RECORDS FOR PROCESSING section start

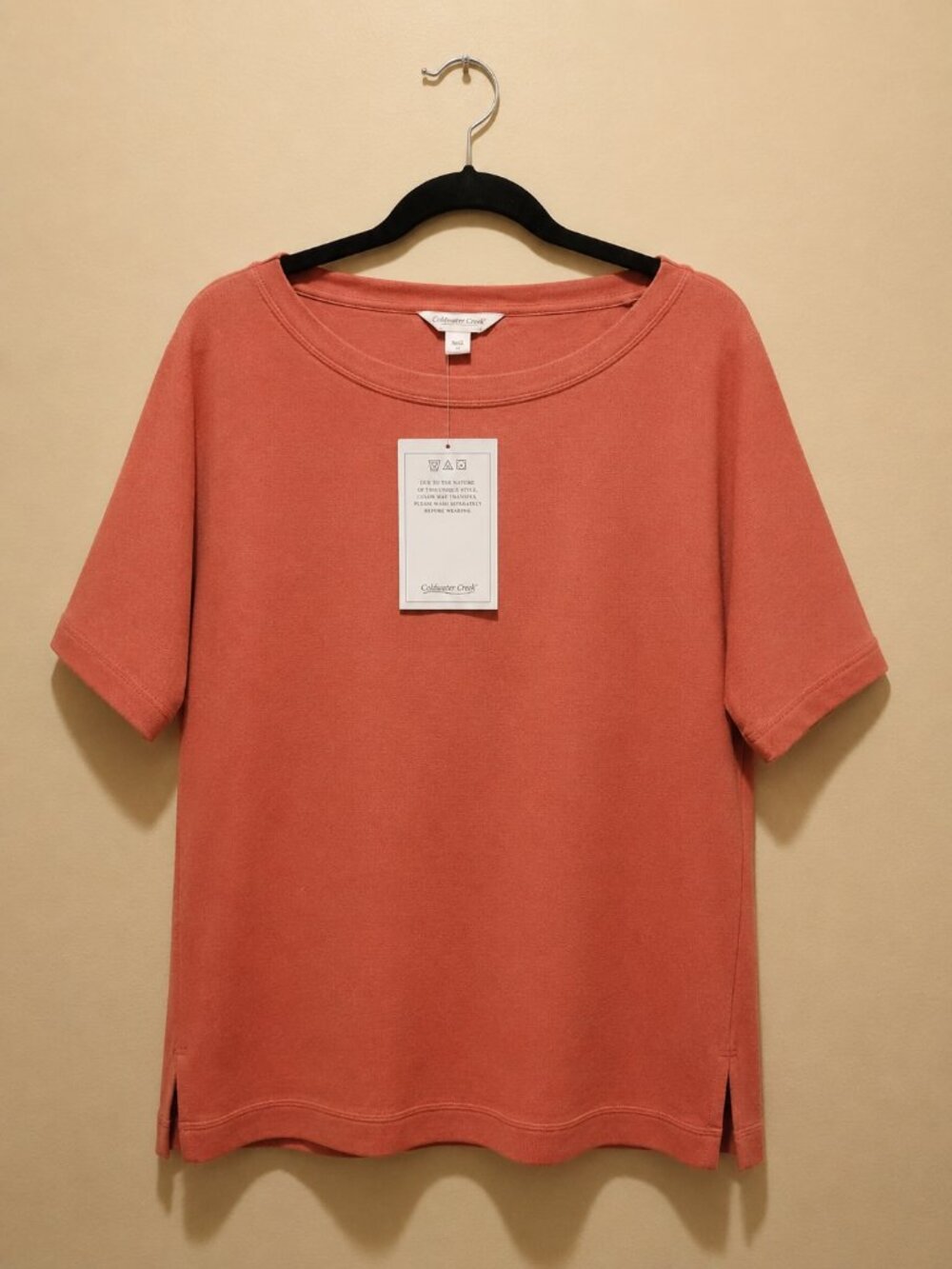 NWT Coldwater Creek Coral Short Sleeve Top S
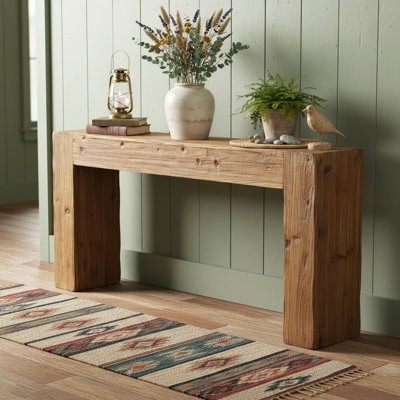 Chunky Wood Console Table with Low Profile & Reclaimed Look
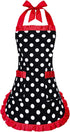Violet Mist Vintage Apron for Women with Pockets - Cute Polka Dot Retro Stylish Apron, Red...
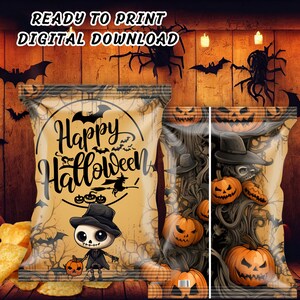 Halloween Chip Bag, READY TO PRINT Halloween Party Favors, Halloween Chip Bag for Adults, Halloween Design for Adults, Halloween Party Snack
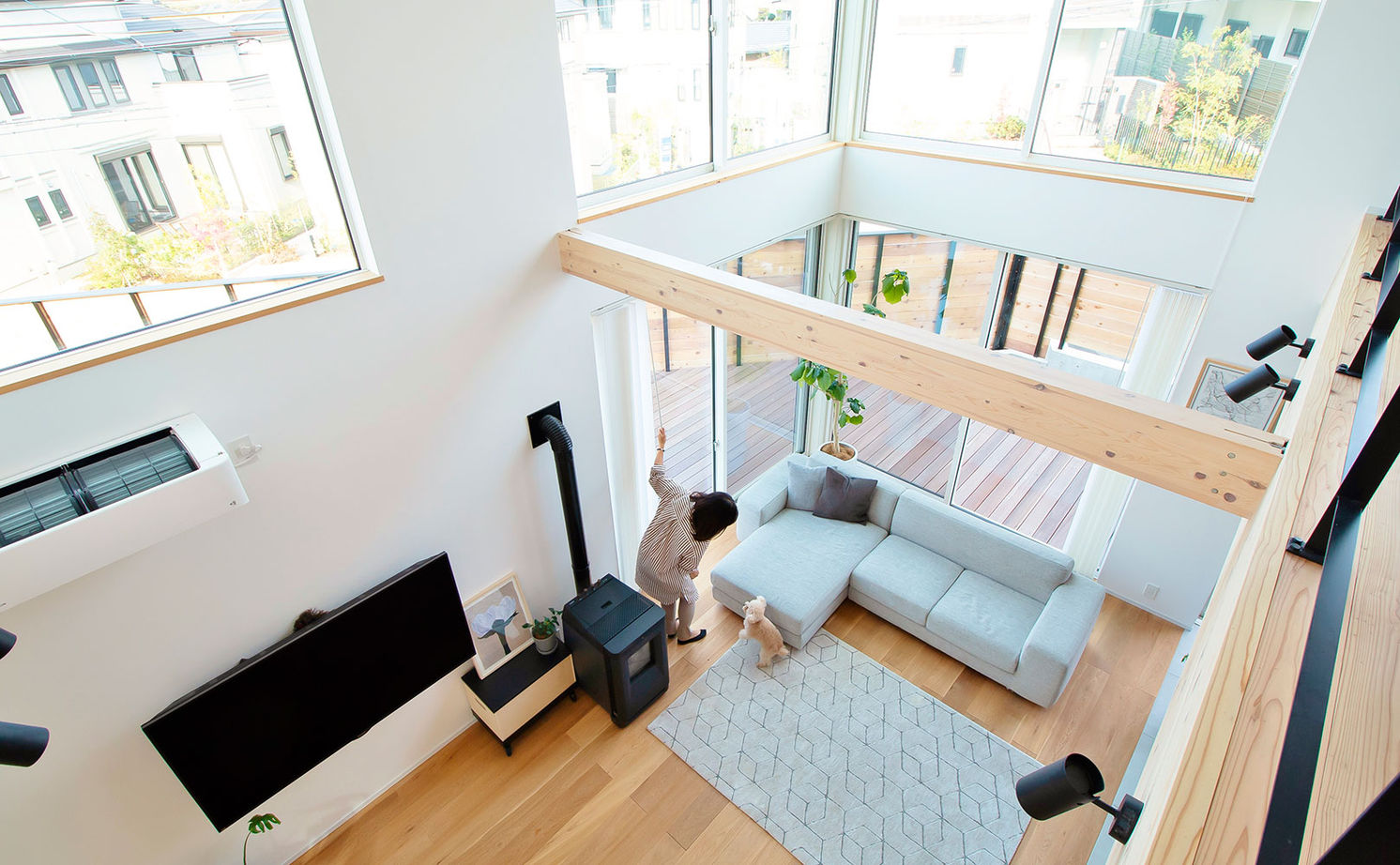 じょぶ 【奈良/4000万円台/50坪台】SE構法。耐震等級３を保ちながら、ガラス張り×吹抜けでダイナミックな開放感をの建築実例画像8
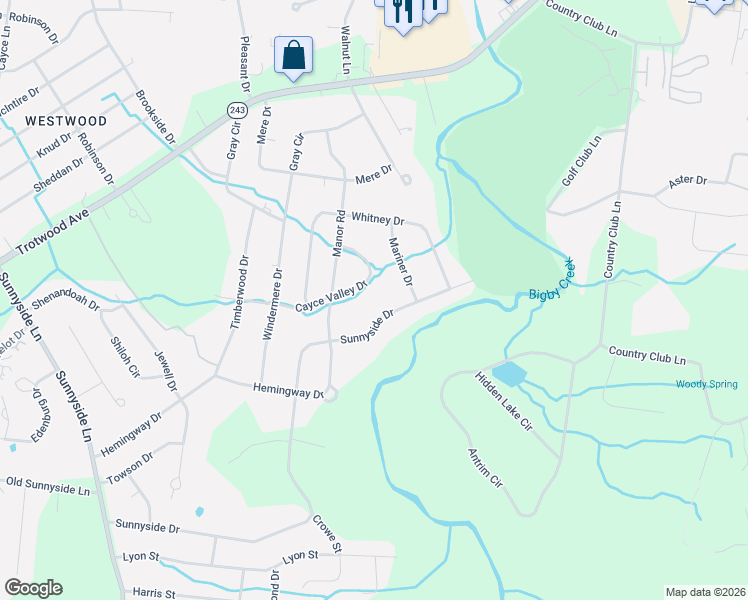 map of restaurants, bars, coffee shops, grocery stores, and more near 111 Cayce Valley Drive in Columbia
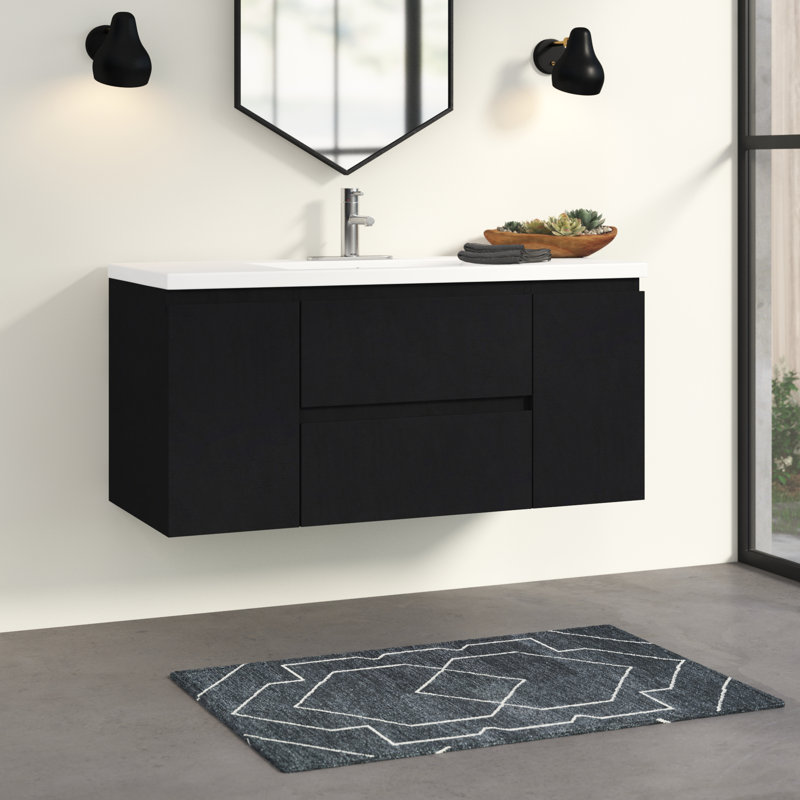Ensemble de meuble-lavabo mural simple 47 po Korrina, Noir
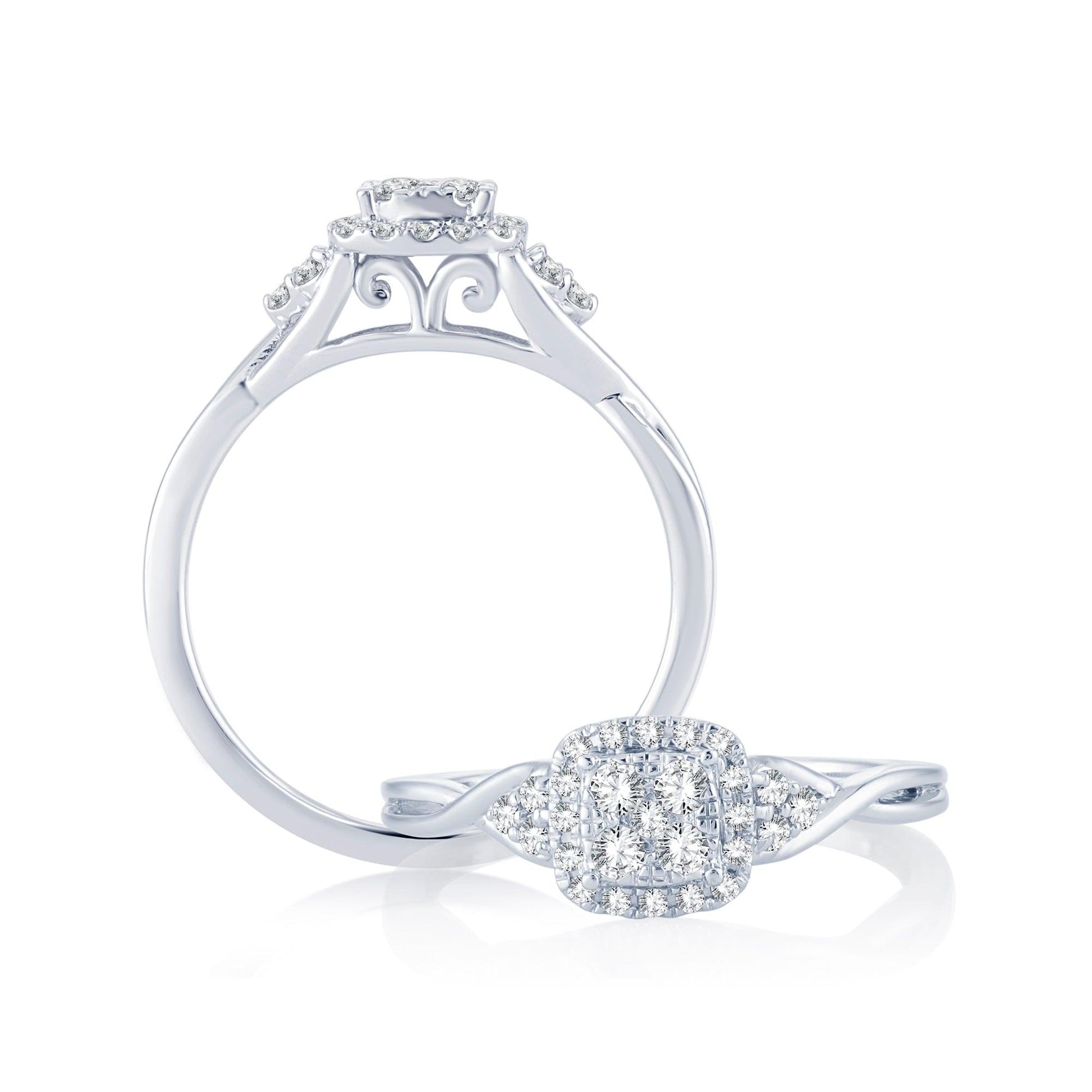 EternalDia 0.25 Cttw Diamond Halo Promise Engagement Wedding Ring In 10k White Gold - EternalDia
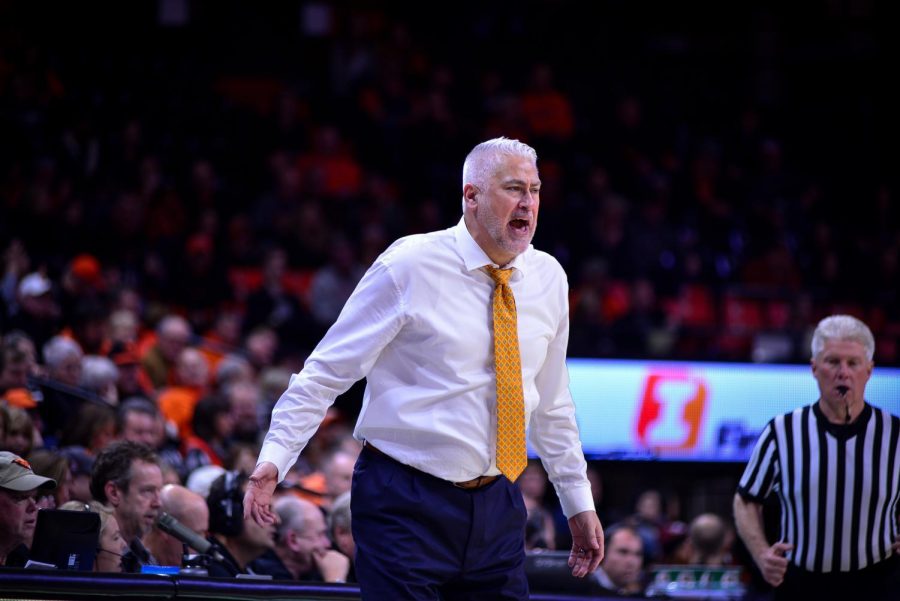 OSU Mens Basketball Head Coach Wayne Tinkle yells out to his players on the court during their game against Stanford. The Beavers were unable to secure a win against the Cardinal, taking the loss with a final score of 83-60.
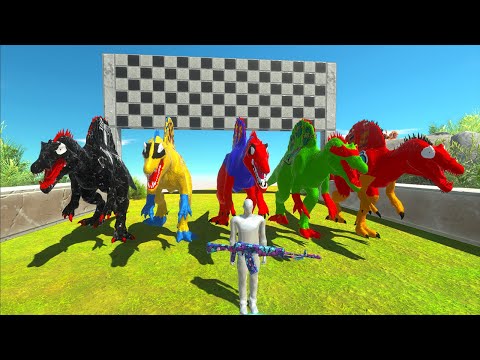 Superman Spinosaurus help FPS AVATAR RESCUE MISSION DEATH RUN - Animal Revolt Battle Simulator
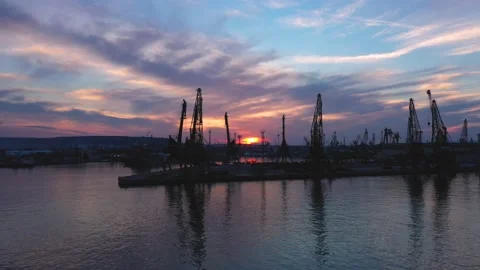 Aerial drone view of sunset at the sea cargo port. Maritime city port. Stock Footage 199432017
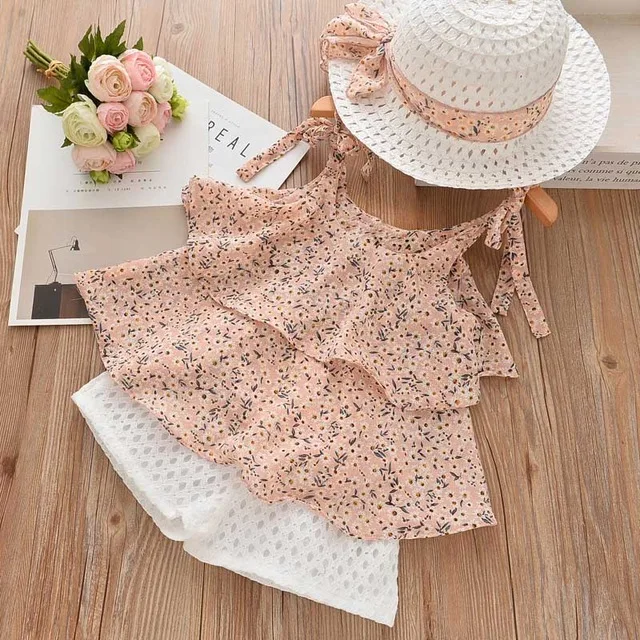 az1614 pink Bear Leader/платья для малышей; летняя одежда для девочек; платья с цветным принтом и шляпой; платья из 2 предметов - Цвет: az1614 pink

RECORDS FOR PROCESSING section end

■ **WHAT IS NEEDED**: Repeat, with no pictures, each line from the beginning of the data through the line containing "Aerial drone view", inclusive.

■ **REPLY TO THE TASK**:
 NWT Coldwater Creek Coral Short Sleeve Top S
 Chunky Wood Console Table with Low Profile & Reclaimed Look
Violet Mist Vintage Apron for Women with Pockets - Cute Polka Dot Retro Stylish Apron, Red...
 Halloween Chip Bag, READY TO PRINT Halloween Party Favors, Halloween Chip Bag for Adults, Halloween Design for Adults, Halloween Party Snack
 じょぶ 【奈良/4000万円台/50坪台】SE構法。耐震等級３を保ちながら、ガラス張り×吹抜けでダイナミックな開放感をの建築実例画像8
 map of restaurants, bars, coffee shops, grocery stores, and more near 111 Cayce Valley Drive in Columbia
Ensemble de meuble-lavabo mural simple 47 po Korrina, Noir
 EternalDia 0.25 Cttw Diamond Halo Promise Engagement Wedding Ring In 10k White Gold - EternalDia
 OSU Mens Basketball Head Coach Wayne Tinkle yells out to his players on the court during their game against Stanford. The Beavers were unable to secure a win against the Cardinal, taking the loss with a final score of 83-60.
 Superman Spinosaurus help FPS AVATAR RESCUE MISSION DEATH RUN - Animal Revolt Battle Simulator
 Aerial drone view of sunset at the sea cargo port. Maritime city port. Stock Footage 199432017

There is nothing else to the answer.